I'll take it. I saw it on the store page a few days earlier and I found myself intrigued by the concept. An RTS that doesn't pretend to be a match between two equal players and instead puts you against an AI with vastly more resources than you right off the bat.
It's a game that I've wanted to be made for quite a while since I believe that trying to make an RTS AI on par with humans is a waste of effort. With this asymmetrical approach, you can provide a balanced experience even if the AI is not a genius. You can also do more things with the opponent in general. You can give them all sorts of weird units and abilities since you don't have to worry about a player trying to use them themselves and either being overwhelmed or exploiting them. Best of all though the AI doesn't have to cheat since those extra resources should already be part of the deal.
One thing to keep in mind is that this isn't just about having "good AI". if the AI is as good as the human, all battles must turn into symmetric battles to make them fair. This would seriously limit the sort of narratives you can tell. They
have better AI for RTS's that have been developed over the last 20 years, but we still don't use them in campaign design.

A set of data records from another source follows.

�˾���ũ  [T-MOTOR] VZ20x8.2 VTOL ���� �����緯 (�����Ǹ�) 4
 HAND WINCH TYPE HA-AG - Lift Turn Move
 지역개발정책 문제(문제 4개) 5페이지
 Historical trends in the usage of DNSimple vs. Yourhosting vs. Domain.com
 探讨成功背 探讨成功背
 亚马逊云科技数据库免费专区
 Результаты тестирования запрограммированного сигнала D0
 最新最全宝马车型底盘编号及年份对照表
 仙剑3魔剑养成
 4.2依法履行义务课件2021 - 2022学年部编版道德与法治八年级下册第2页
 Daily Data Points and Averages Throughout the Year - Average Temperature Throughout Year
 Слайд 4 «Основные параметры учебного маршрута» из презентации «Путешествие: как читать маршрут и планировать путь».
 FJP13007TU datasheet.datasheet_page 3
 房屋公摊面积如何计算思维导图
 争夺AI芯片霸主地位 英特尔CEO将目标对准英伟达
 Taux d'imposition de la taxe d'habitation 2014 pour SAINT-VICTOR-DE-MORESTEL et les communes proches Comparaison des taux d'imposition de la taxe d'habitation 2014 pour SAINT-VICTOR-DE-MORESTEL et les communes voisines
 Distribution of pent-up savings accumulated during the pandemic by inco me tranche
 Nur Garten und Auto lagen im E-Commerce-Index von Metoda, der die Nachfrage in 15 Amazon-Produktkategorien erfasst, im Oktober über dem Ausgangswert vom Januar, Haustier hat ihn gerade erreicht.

For a good reason.
There are some articles and videos about game AI, pointing out that the goal
isn't to create this awesome super AI able to "beat" the player, because that has in fact been tried, and found to be the opposite of fun. Proper single-player game AI is about what experience it delivers to the player, not about "beating" them.
Imagine you're playing a Call of Duty single-player campaign but they've replaced all the AIs with multiplayer bots. It'd be the opposite of "fun". It would be almost unmarketable. Sure, they would be "smarter", but then you'd have to redesign all the campaigns to basically be small-squad skirmishes. CoD and similar in the single-player modes are narrative / cinematic experiences. Replicating that experience in a game isn't about having the best AI for every soldier, it's about replicating the "movie" experience.